*** Block opens ***
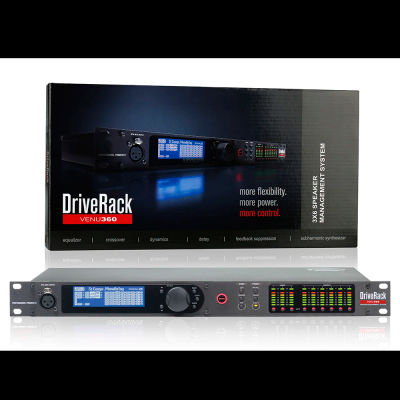Procesador de Audio Digital Profesional VENU360, Sistema de Gestión de Altavoces de 3 Entradas y 6 Salidas, Compatible con el Software Oficial Original y el Controlador de Audio para Sistemas de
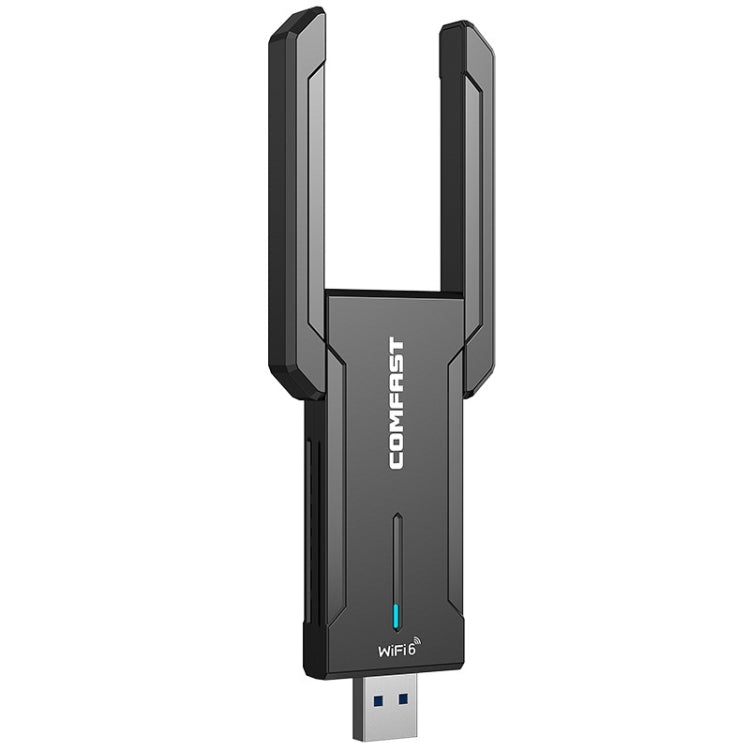 COMFAST 972AX 5400Mbps WiFi6 brīvas diska USB bezvadu tīkla karte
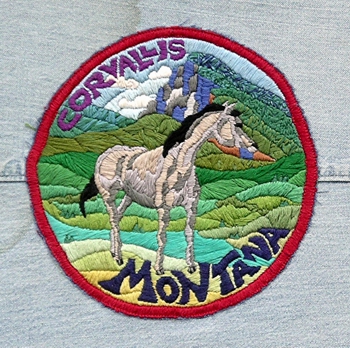 Corvallis Shamas Embroidery
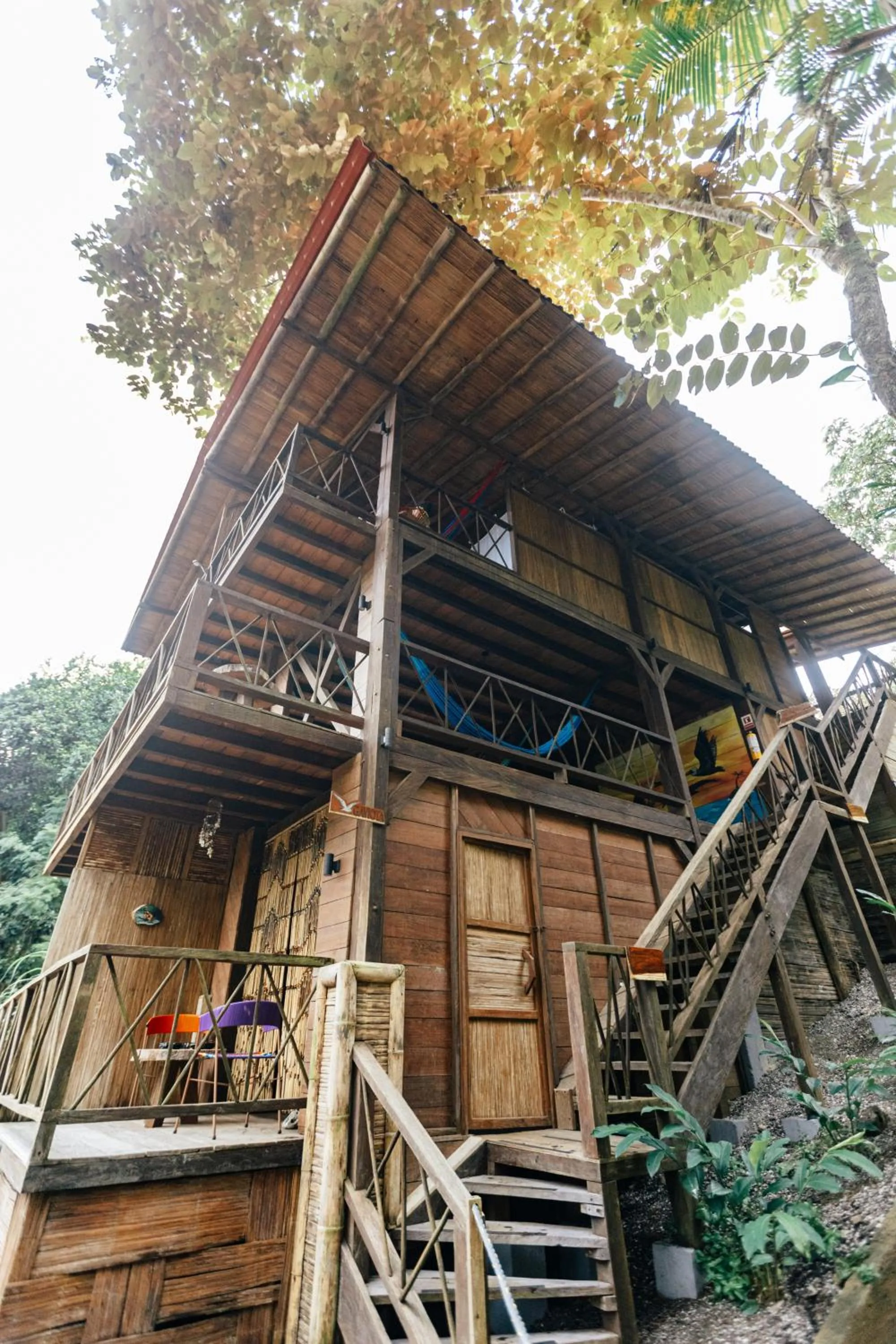 Property building in La Martina Ecolodge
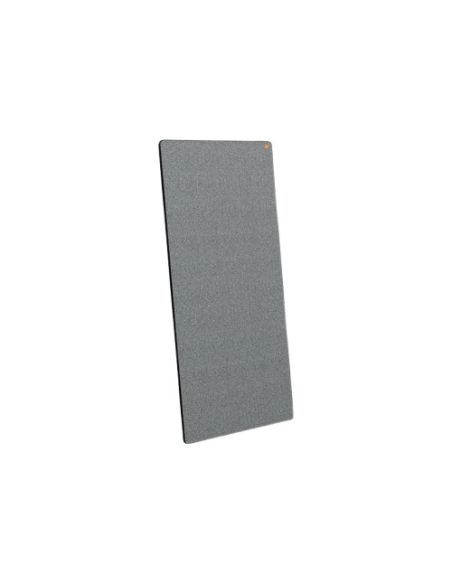 Pizarra Blanca Nobo Move&Meet Con Tablero De Anuncios Portatil Marco Negro Doble Cara Magnetica 1800X900 Mm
*** Block closes ***
> _What is needed_: If a line falls between the one containing "COMFAST 972AX 5400Mbps" and the last line of the entries above, both included, reproduce it exactly; leave the pictures out.

> _Reply to the task_:
 COMFAST 972AX 5400Mbps WiFi6 brīvas diska USB bezvadu tīkla karte
 Corvallis Shamas Embroidery
 Property building in La Martina Ecolodge
 Pizarra Blanca Nobo Move&Meet Con Tablero De Anuncios Portatil Marco Negro Doble Cara Magnetica 1800X900 Mm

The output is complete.